At French-language pubcaster RTBF, the board has launched its so-called Magellan Plan, designed to get the cash-strapped broadcaster back on track financially, with a change in direction toward more popular shows.

After axing a trio of old favorites, RTBF is trying to attract viewers with the kind of popular fare usually shown on commercial channels. Striking RTBF employees are protesting that the pubcaster is losing its identity.

Despite the success of French import “Venus and Apollo” and long-running U.S. imports like “Ally McBeal,” RTBF has been criticized for allowing private channels to move in on its traditional territory, missing out on heavyweight imports like a BBC doc series on the Nazis.

Meanwhile, at French-language commercial broadcaster RTL, Patrick Vandenbosch has taken over as head of acquisitions, replacing long-time chief buyer Jean Paul Delcomminette. Recent American imports include “CSI” and “Desperate Housewives.”

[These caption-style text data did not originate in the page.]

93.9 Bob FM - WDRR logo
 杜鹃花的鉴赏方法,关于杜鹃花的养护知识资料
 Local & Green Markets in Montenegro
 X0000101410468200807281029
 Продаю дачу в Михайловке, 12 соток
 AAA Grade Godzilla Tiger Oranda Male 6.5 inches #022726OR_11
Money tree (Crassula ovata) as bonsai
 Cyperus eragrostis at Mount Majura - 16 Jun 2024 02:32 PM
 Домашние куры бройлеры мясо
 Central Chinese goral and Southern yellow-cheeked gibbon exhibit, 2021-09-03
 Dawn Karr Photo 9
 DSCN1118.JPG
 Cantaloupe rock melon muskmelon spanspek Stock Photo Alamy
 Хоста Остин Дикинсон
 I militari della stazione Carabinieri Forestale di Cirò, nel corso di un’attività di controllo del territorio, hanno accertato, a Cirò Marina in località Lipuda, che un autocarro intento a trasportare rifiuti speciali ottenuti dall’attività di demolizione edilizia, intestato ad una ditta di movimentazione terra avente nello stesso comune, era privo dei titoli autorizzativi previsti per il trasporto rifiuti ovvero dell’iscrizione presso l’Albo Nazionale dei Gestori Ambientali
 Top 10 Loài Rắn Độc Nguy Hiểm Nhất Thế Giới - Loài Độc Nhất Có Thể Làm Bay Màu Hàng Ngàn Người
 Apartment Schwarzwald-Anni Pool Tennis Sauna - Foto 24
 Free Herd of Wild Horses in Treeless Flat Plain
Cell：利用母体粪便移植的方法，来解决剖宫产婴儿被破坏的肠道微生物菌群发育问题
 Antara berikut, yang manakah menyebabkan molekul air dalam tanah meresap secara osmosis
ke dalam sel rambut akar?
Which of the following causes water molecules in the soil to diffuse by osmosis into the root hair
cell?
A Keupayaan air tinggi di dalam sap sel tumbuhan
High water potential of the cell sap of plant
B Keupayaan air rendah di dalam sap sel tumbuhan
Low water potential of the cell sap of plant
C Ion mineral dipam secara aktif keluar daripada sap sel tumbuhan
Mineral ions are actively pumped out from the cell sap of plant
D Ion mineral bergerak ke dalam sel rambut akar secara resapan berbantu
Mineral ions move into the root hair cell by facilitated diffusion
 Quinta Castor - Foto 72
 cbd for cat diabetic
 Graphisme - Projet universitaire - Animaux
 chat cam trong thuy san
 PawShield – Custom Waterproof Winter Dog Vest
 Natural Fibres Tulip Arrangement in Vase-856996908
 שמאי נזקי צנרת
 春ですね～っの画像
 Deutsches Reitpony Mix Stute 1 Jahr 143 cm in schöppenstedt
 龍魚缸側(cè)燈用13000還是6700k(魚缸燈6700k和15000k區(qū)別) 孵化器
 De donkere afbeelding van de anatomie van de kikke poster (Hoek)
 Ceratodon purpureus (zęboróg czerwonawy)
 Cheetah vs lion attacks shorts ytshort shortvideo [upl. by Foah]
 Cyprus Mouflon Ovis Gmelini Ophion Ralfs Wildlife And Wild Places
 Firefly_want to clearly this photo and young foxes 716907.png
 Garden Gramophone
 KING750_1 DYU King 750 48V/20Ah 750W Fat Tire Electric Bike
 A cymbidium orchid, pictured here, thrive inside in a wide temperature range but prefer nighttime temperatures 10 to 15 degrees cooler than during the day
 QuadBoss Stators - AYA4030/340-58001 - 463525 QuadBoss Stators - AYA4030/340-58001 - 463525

The Flemish broadcasting arena is more predictable, with a continuing focus on local fare, especially at pubcaster VRT, where buying coordinator Franz Lefever says U.S. imports rarely do well in primetime slots. Instead, shows like cop series “Witse,” soccer comedy “FS de Kampionen” and soap “Phuif” (Home) regularly attract one viewer in six.

Reality shows are going strong, and there is a continuing interest in new formats. After its success with the Flemish “Pop Idol,” VRT has bought the format for “Fame Academy,” which it intends to produce later this year, while commercial broadcaster VTM is doing well with local versions of “Star Academy,” “Blind Date” and “X-Factor.”

“We have a lot of documentary slots to fill and are looking in Cannes for good science, history, human interest and current affairs programs,” Lefever says.

Canvas, VRT’s second channel, has the most need for acquisitions, and Lefever hopes to find good shows from Germany, France and other European countries, as well as product from as far away as Australia.